DATA BELOW Block Start

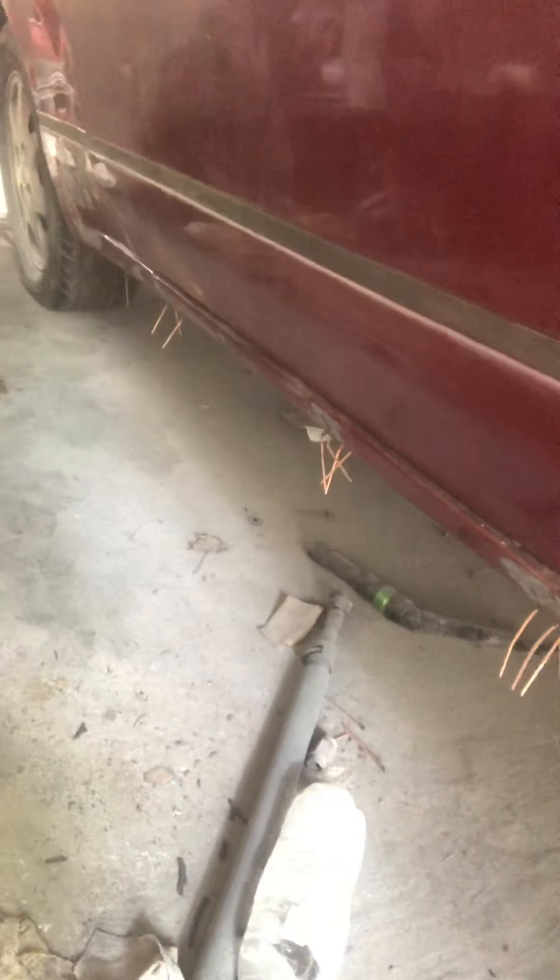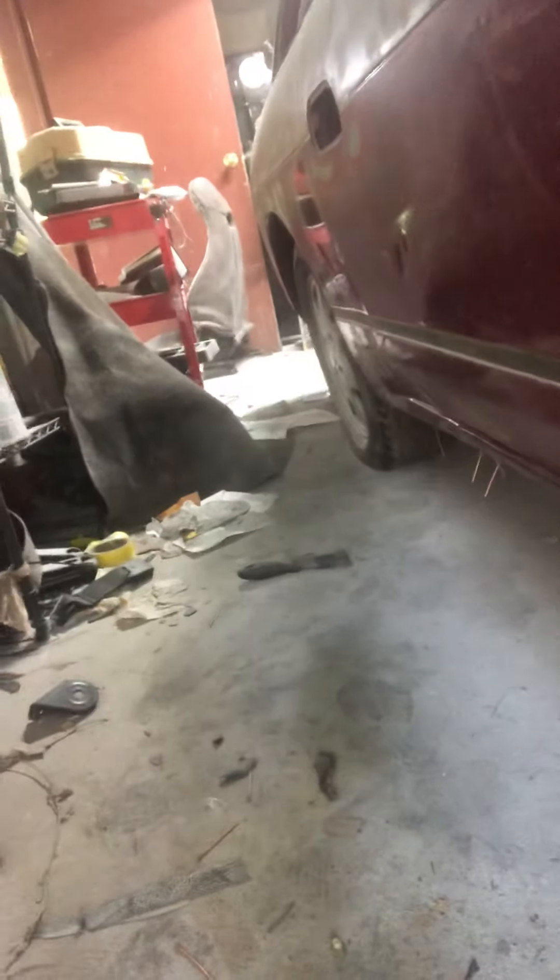Most of the damage is down here where they picked it up with a backhoe and took it around the junkyard, so the whole rocker is just garbage under there. But you'll never see it, and this is a $500 junkyard car, so I'm not gonna waste days and days trying to get that super flat. If you want to crawl up under my car and laugh at it, well, go for it.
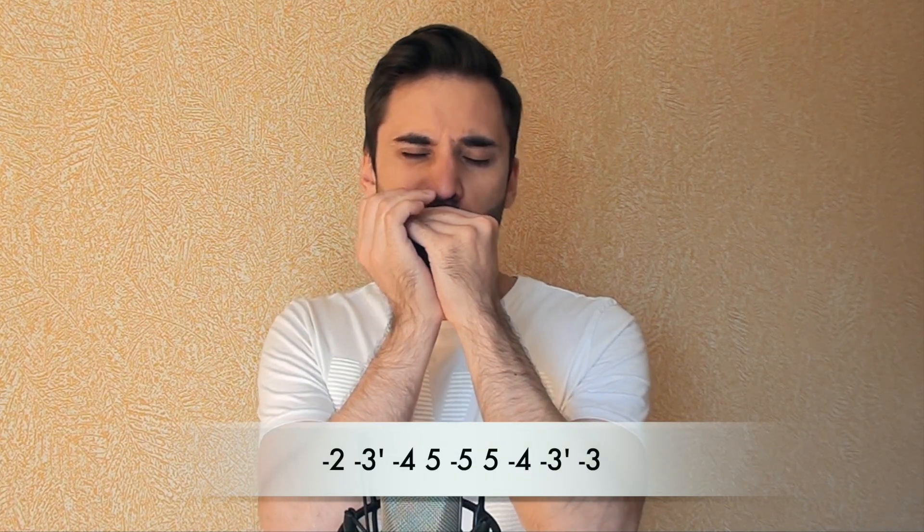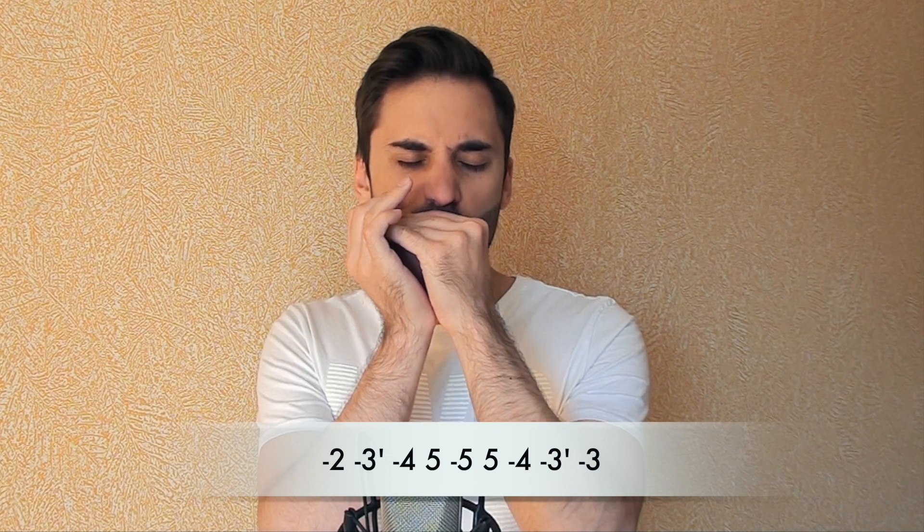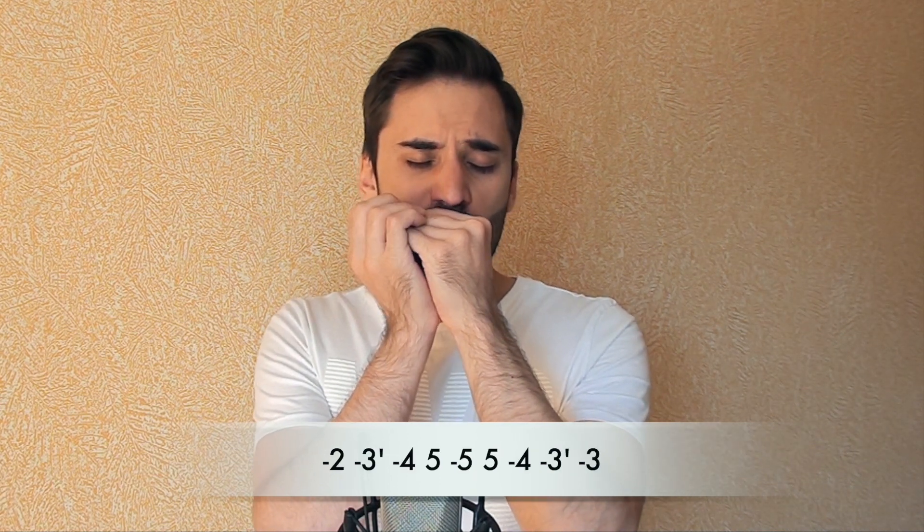Now check out this boogie woogie in a 12-bar progression.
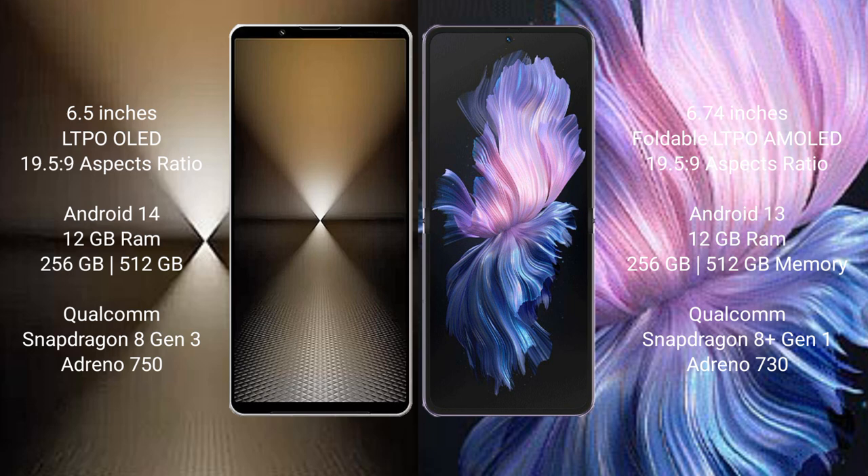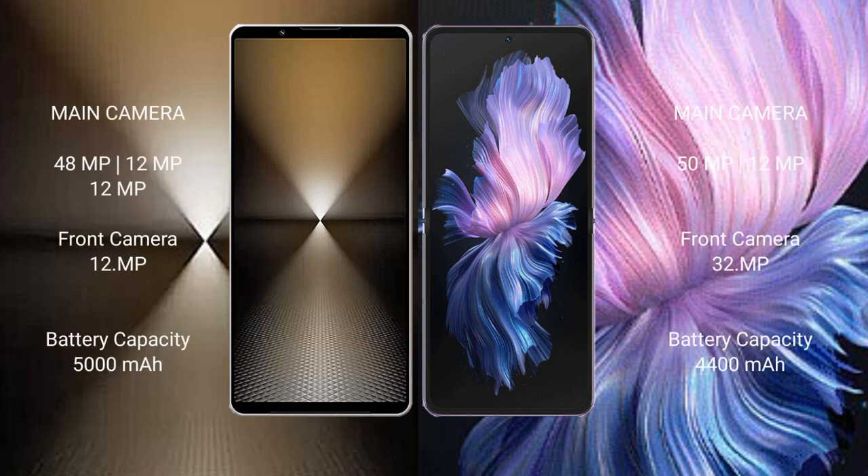Sony Xperia 1 Mark 6 comes with 12GB RAM and 512GB internal storage, with Snapdragon 8 Gen 3 processor and GPU Adreno 750. Vivo X Flip comes with 12GB RAM and 256GB internal storage, with Snapdragon 8 Gen 1 processor and GPU Adreno 730.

DATA BELOW Block End

### REQUIREMENT
Your answer must be the full listing, copied exactly, with no pictures in it.

### EXERCISE OUTPUT
Most of the damage is down here where they picked it up with a backhoe and took it around the junkyard, so the whole rocker is just garbage under there. But you'll never see it, and this is a $500 junkyard car, so I'm not gonna waste days and days trying to get that super flat. If you want to crawl up under my car and laugh at it, well, go for it.
Now check out this boogie woogie in a 12-bar progression.
Sony Xperia 1 Mark 6 comes with 12GB RAM and 512GB internal storage, with Snapdragon 8 Gen 3 processor and GPU Adreno 750. Vivo X Flip comes with 12GB RAM and 256GB internal storage, with Snapdragon 8 Gen 1 processor and GPU Adreno 730.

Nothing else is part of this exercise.